→ **Exercise**
Look through the data below and output, unchanged, every line from the one holding "โอโซน Aging R9" through the one holding "Swash® Lingettes de", inclusive. Skip the pictures.

Excerpts from a dataset:

<<<<

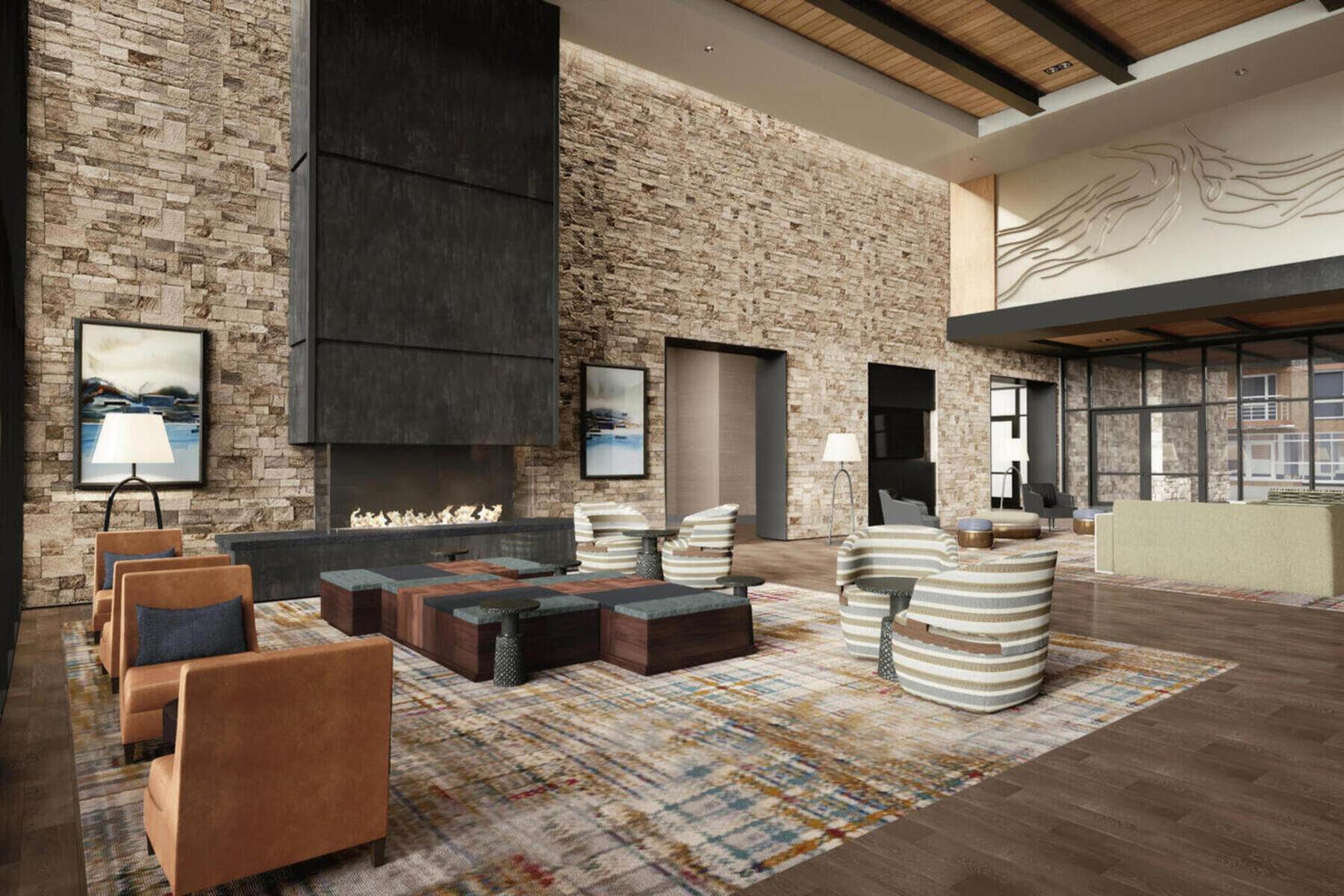 5. Condominiums for Sale at Extell Exclusive - Refined Residences, Breathtaking Views, Quality Craftsmanship 1702 Glencoe Mountain Way, Unit 7113 Park City, Utah 84060 United States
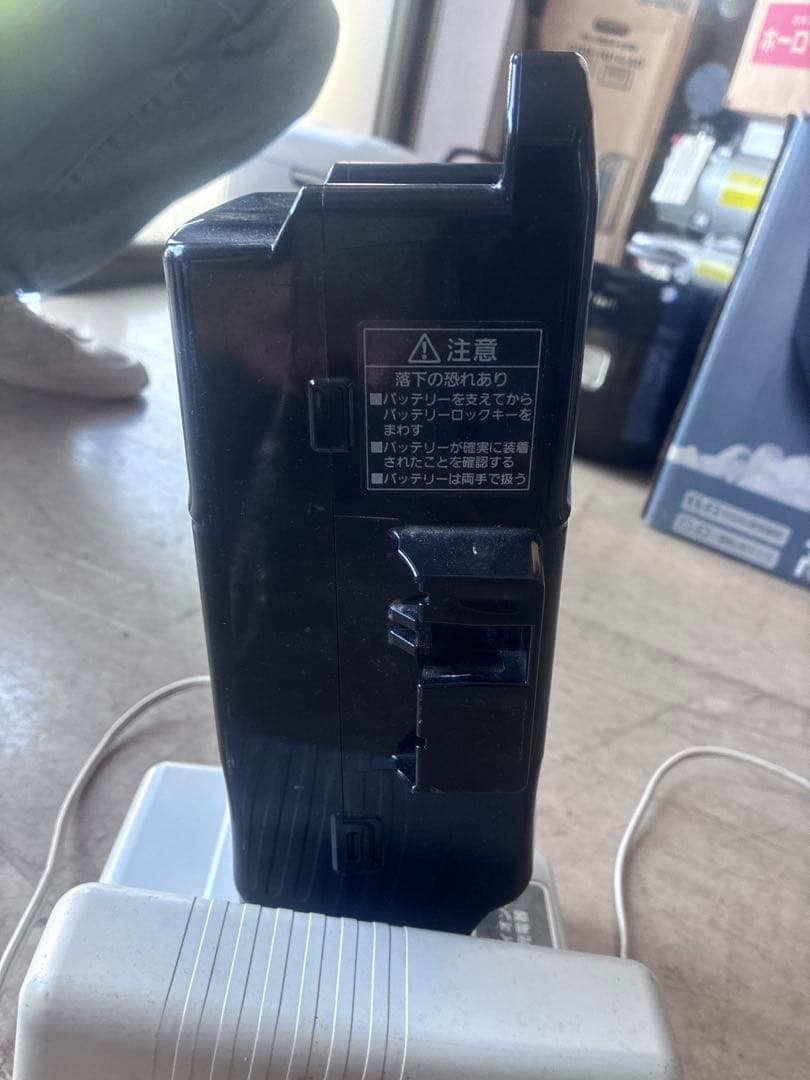 Panasonic 電動自転車充電器￼￼￼セ-トNKY513B02B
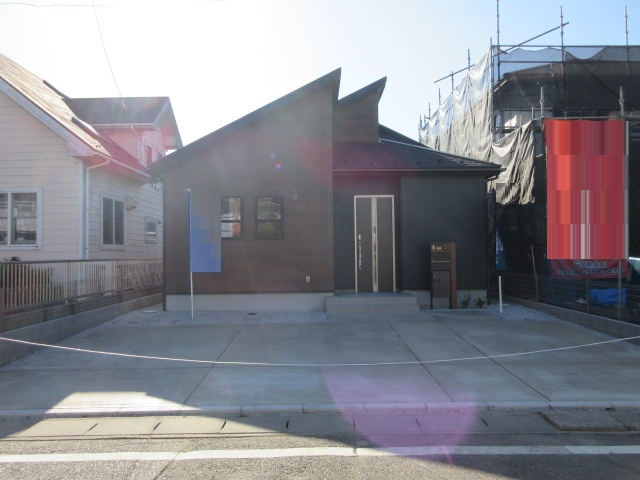 【仲介手数料無料】新築戸建　熊谷市別府2-8-2（全1棟　大型平屋住宅）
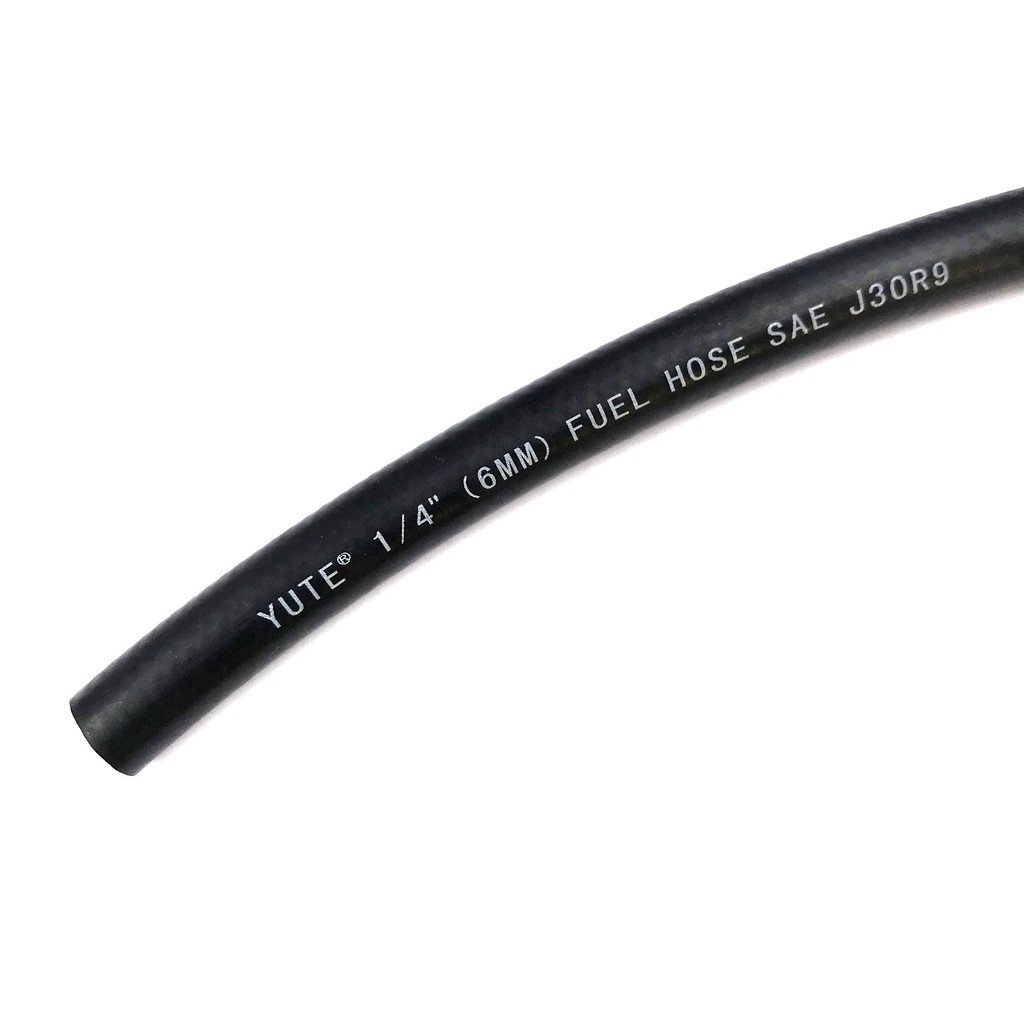 โอโซน Aging R9 อุณหภูมิต่ํา/1 ท่อฉีดน้ํามันเชื้อเพลิงไฟฟ้า 6mmSAEJ30 YUTE4R9 ท่อน้ํามันเชื้อเพลิงทนอ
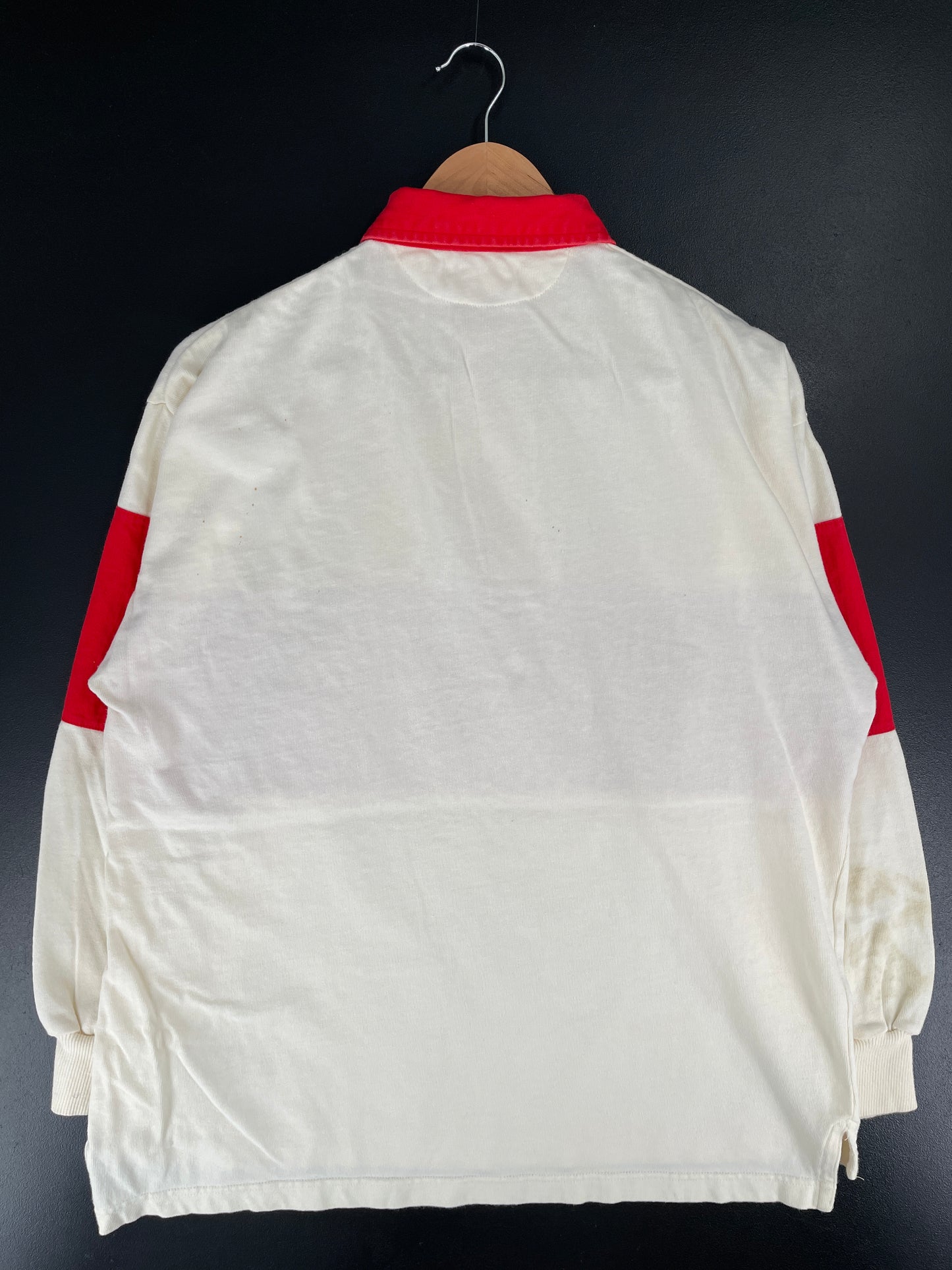 80's COCA COLA Size L Vintage Rugby Shirt / E7173R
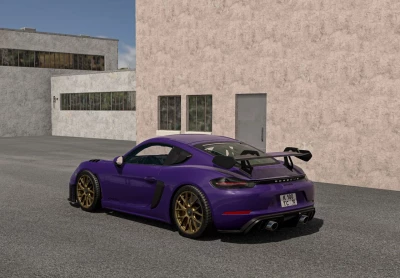 Porsche Cayman 2017-2025 V2.2 0.39.x
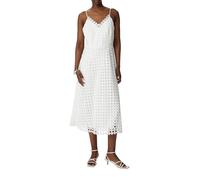 Comma Midi-Kleid aus Spitze mit blickdichtem Futter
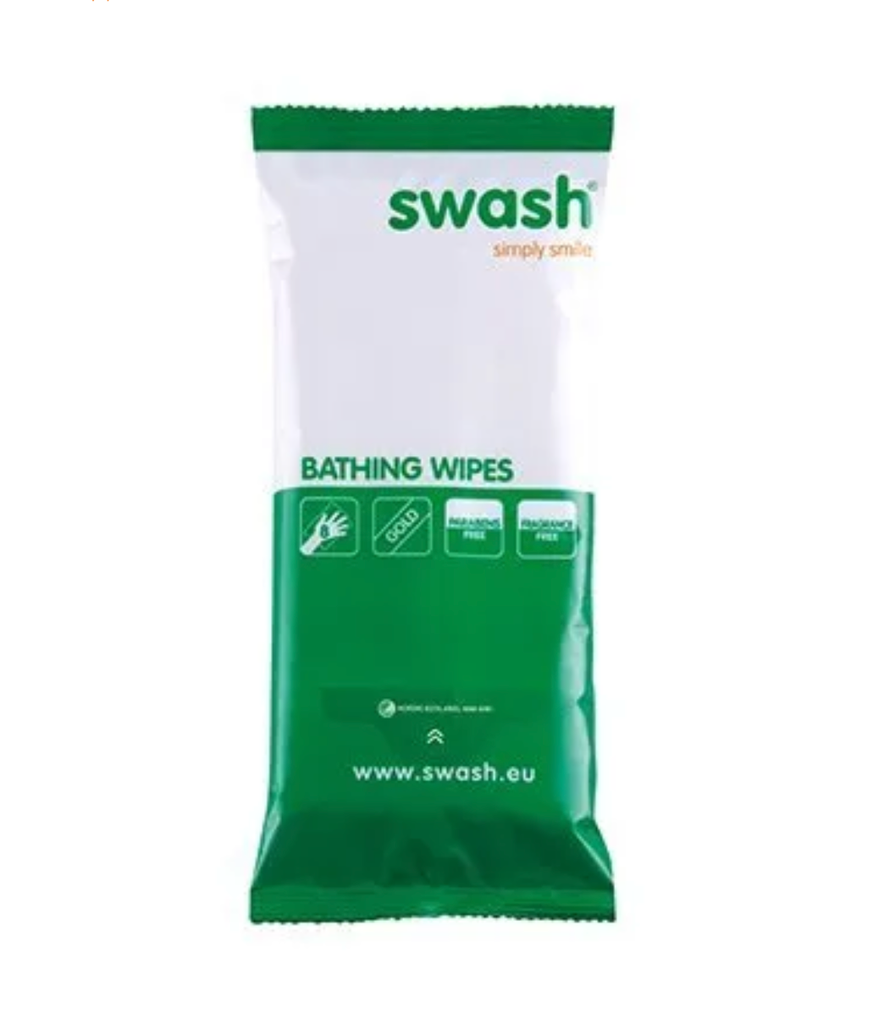 Swash® Lingettes de toilette - Parfum: Orange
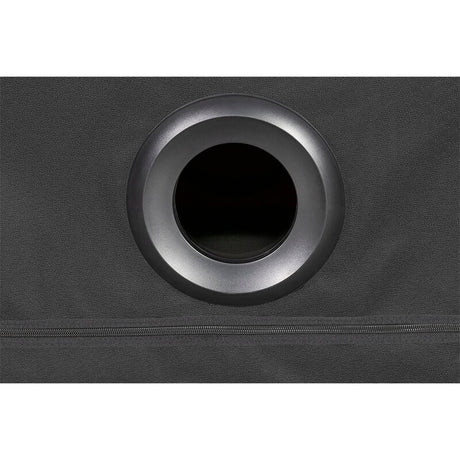 SECRET DOME KINK CLUB LA NICHE CABINE NOIR ET ROUGE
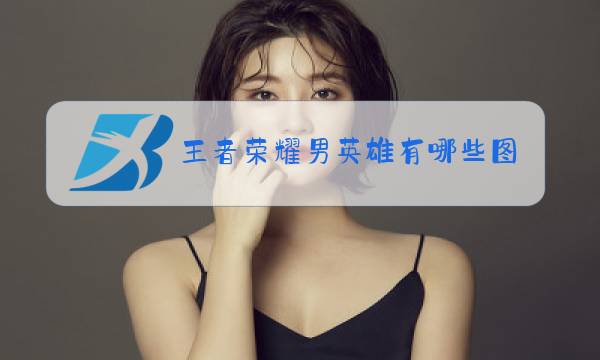 王者荣耀男英雄有哪些图片图片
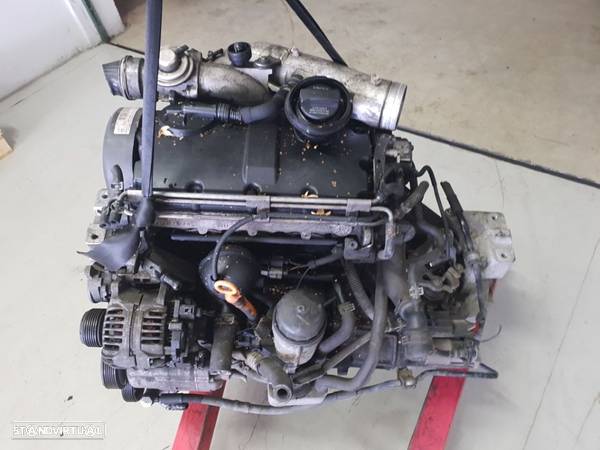 Motor Volkswagen Golf 1.9 tdi 2004, 130cv, ref: ASZ - 1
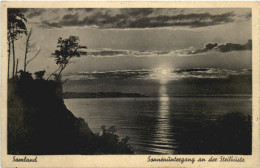 Samland - Sonnenuntergang - Ostpreussen - Ostpreussen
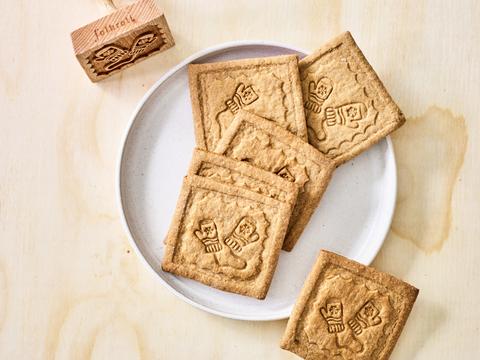 gestempelde speculaasjes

>>>>

→ **Solution**
 โอโซน Aging R9 อุณหภูมิต่ํา/1 ท่อฉีดน้ํามันเชื้อเพลิงไฟฟ้า 6mmSAEJ30 YUTE4R9 ท่อน้ํามันเชื้อเพลิงทนอ
 80's COCA COLA Size L Vintage Rugby Shirt / E7173R
 Porsche Cayman 2017-2025 V2.2 0.39.x
 Comma Midi-Kleid aus Spitze mit blickdichtem Futter
 Swash® Lingettes de toilette - Parfum: Orange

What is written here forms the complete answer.